Tout dépend de ce qu’on attend. Il y a un théorème en économie qui dit que chaque instrument ne doit avoir qu’un seul objectif et à partir du moment où vous fixez plusieurs objectifs à l’instrument, celui-ci devient inefficient. Quel est l’objectif du Smic ? Est-ce d’avoir des coûts comparables pays par pays, secteur par secteur ? Est-ce la lutte contre la pauvreté, l’intégration des jeunes ? Ou a-t-il simplement comme objectif de fixer un niveau de salaire qui est raisonnable pour pouvoir vivre et qui correspond à la valeur du travail ? Aux États-Unis, c’est vraiment la logique qui compte : savoir quelle est la valeur du travail en dessous de laquelle il est indécent de payer quelqu’un. C’est ce que nous devrions avoir en tête. Si on veut lutter contre la pauvreté, il y a d’autres instruments que le Smic : les allocations, les aides au logement, etc. Si vous voulez influer sur la compétitivité, vous avez le taux de change, etc.
La seule question qu’on devrait se poser, c’est à partir de quel salaire horaire il devient indécent de payer une personne. C’est la vraie question que l’Europe doit se poser. Il ne faut pas un même salaire horaire en Europe. Si l’idée est d’arriver à un même salaire, on le fera par le bas et on obtiendra le salaire des Bulgares (159 euros mensuels). Ce n’est pas le niveau de salaire qu’il faut regarder mais le niveau relatif des salaires, compte tenu des prix de l’immobilier, du coût de la vie, etc. Il faut sortir des histoires de compétitivité. La compétitivité se gagne par la productivité, non pas par des baisses de salaires minimum.


Une des principales mesures du pacte de responsabilité prévoit la suppression des charges pour l’employeur d’un salarié payé au Smic. Créera-t-elle des emplois ou aura-t-elle des effets pervers en décourageant les employeurs d’embaucher à des salaires supérieurs au Smic ?
Cela aura un impact positif sur l’emploi. Quand vous baissez le coût du travail, forcément, vous créez des emplois. L’effet global du pacte, ce sont deux phénomènes : d’un côté, trente milliards de baisses de charges qui auront un aspect positif sur l’emploi et de l’autre, le financement de ces baisses de charges qui a un impact négatif sur l’emploi. C’est la somme des deux qui est importante. Mais il ne faut pas attendre grand-chose du pacte. L’aspect positif va être en partie compensé par l’aspect négatif du financement.


Pourquoi l’histoire du Smic est-elle si mouvementée en France ?
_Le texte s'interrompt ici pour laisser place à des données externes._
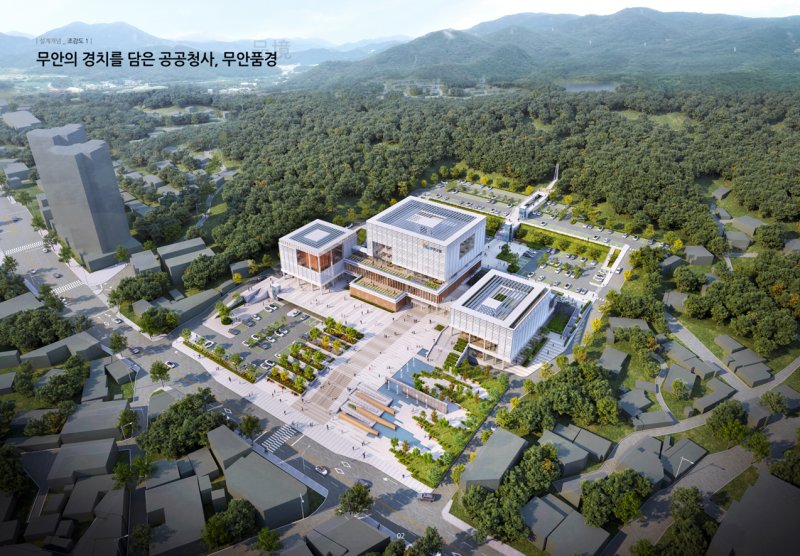 [무안=뉴시스]무안군 신청사 공모 당선작 조감도. (사진=무안군 제공) 2025.12.08. photo@newsis.com *재판매 및 DB 금지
Quand vous êtes dans un pays avec des syndicats forts, il n’y a pas de Smic. En Allemagne, les syndicats n’en ont pas voulu pendant longtemps, préférant que ce soit négocié branche par branche. En France, les syndicats sont faibles et c’est l’État qui a décidé d’un salaire pour l’ensemble des secteurs de l’économie. Lorsque vous agissez ainsi, vous avez pour certains secteurs un dynamisme, pour d’autres, non.